Leaving out all pictures, return exactly the lines from the one that contains "Refrigerator with energy" through the end of the data below.

▸ STORED DATA:
--------------------------------

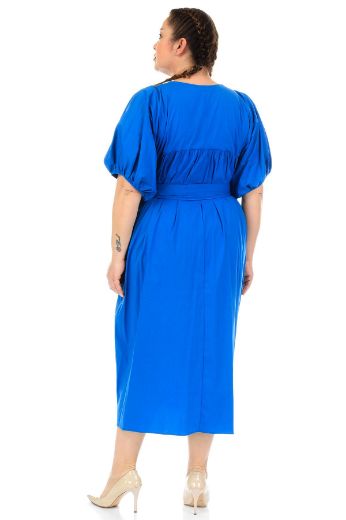 Picture of Aluch 8311 BB BLUE Plus Size Women Dress 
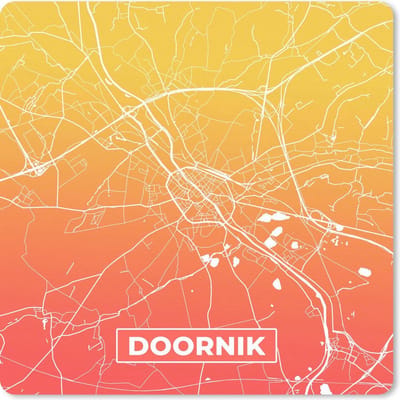 Muismat 20x20 cm - Mousepad Stadskaart - België - Doornik - Oranje - Muismatten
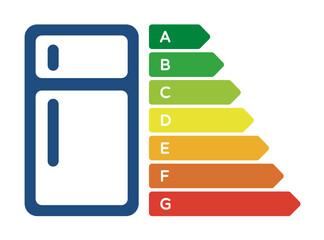 Refrigerator with energy efficiency classes. European Union energy label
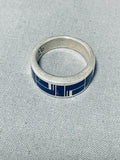 Noteworthy Vintage Native American Navajo Lapis Sterling Silver Signed Ring-Nativo Arts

--------------------------------

▸ FINISHED TASK:
 Refrigerator with energy efficiency classes. European Union energy label
 Noteworthy Vintage Native American Navajo Lapis Sterling Silver Signed Ring-Nativo Arts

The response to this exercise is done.